Friday, May 06, 2011
The addiction of nicotine knows no boundaries so they (experts) say. Well, today I just set my boundary - no more will I put a bunch of dead leaves in my mouth and light them on fire.
I came home from the track yesterday after 3 miles and lit a damn cigarette - my husband could not believe I could be so stupid! Okay, stupid is as stupid does and I am an idiot. I have smoked off and on since I was about 17, take off for 3 or 4 years here and there - pregnancies (2) and then a 3 year stint.
It would be easy to blame it on my older brother. I was doing great until my younger brother was diagnosed with brain cancer and died a short 9 months later - I didn't understand - how could someone so good die at the age of 42 - so I asked my older brother for a cigarette - at the time it seemed rational - if you're going to die - might as well go out smoking - my brother had no real bad habits and look what happened.
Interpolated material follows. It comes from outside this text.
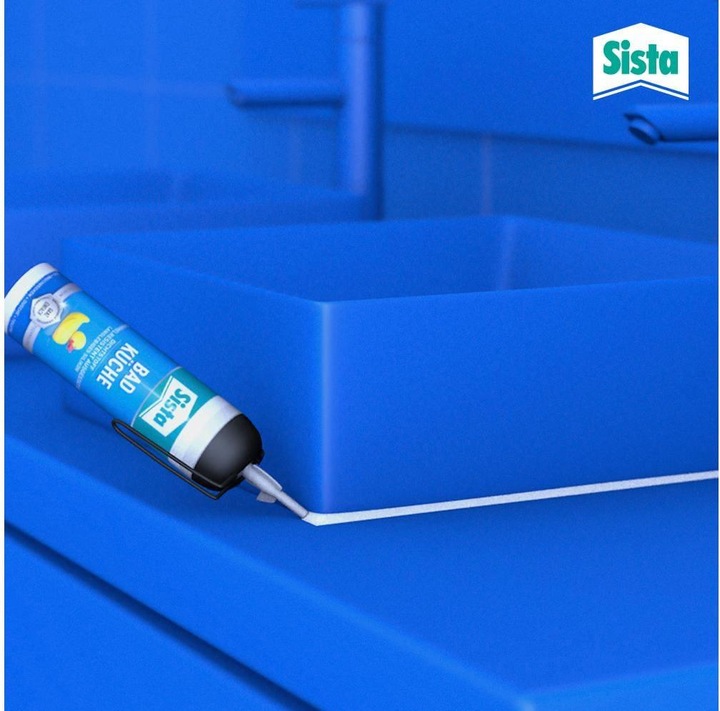 Actual product image Sista Bathroom + Kitchen transparent (0.18 kg, Transparent, 100 ml)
Fourteen years have since passed - I have lost half of our original seven members of my family - quitting has been easy, I did it on a biweekly basis.
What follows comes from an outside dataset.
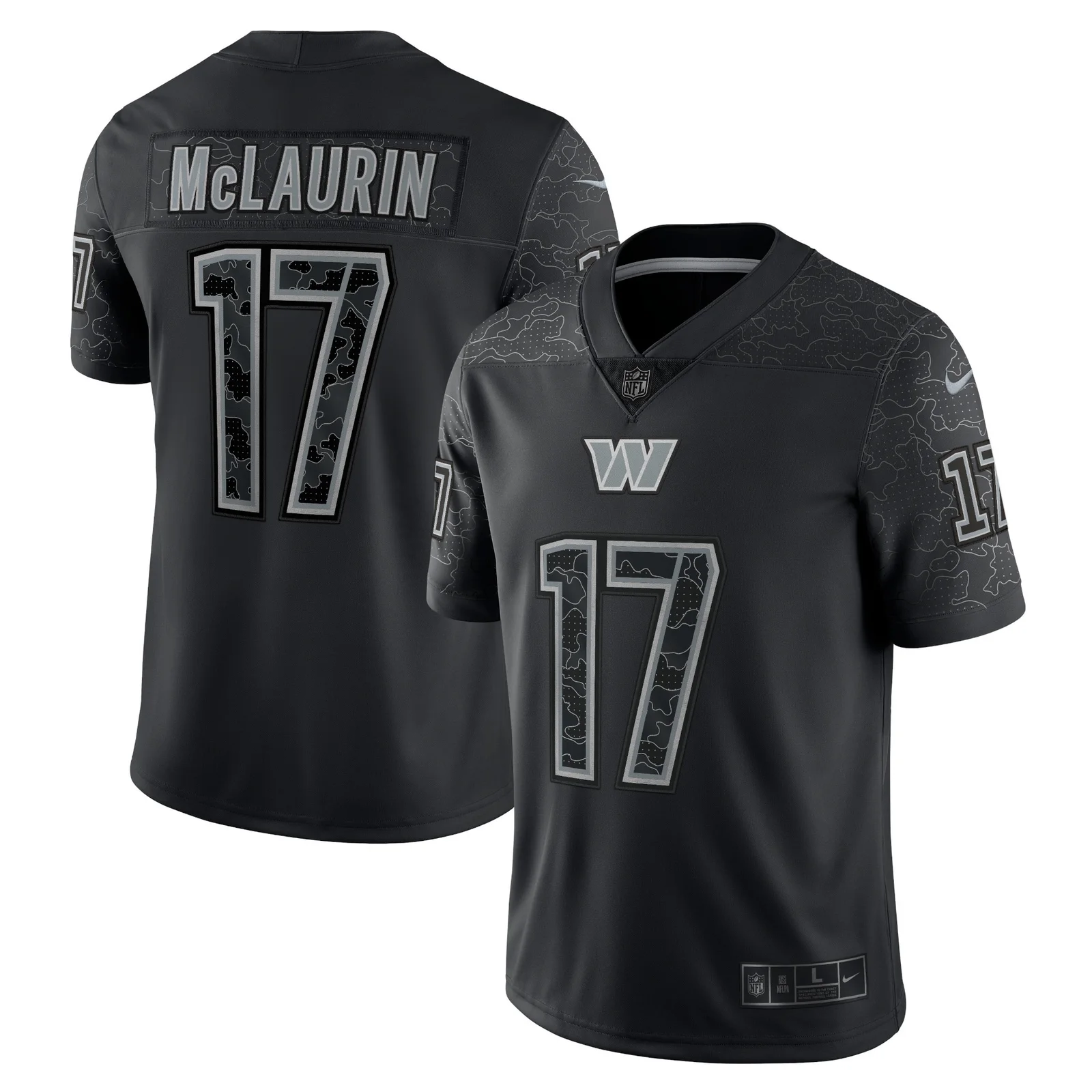 Men's Terry McLaurin Washington Commanders RFLCTV Limited Jersey - Black -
At 59, it is time - I stopped enjoying it years ago - now it is just an expensive habit that I no longer need - getting my energy level up, my weight down (lost 14 pounds since I changed my eating habits, notice I am not saying diet), are now my main focus. It appears I may live a while yet and I want to be as healthy and happy as I can to enjoy my grandkids, kids, and hobbies that I enjoy. I was fortunate enough to retire young - now I need to work on me! And that means saying goodbye to the only vice I have - cigarettes!!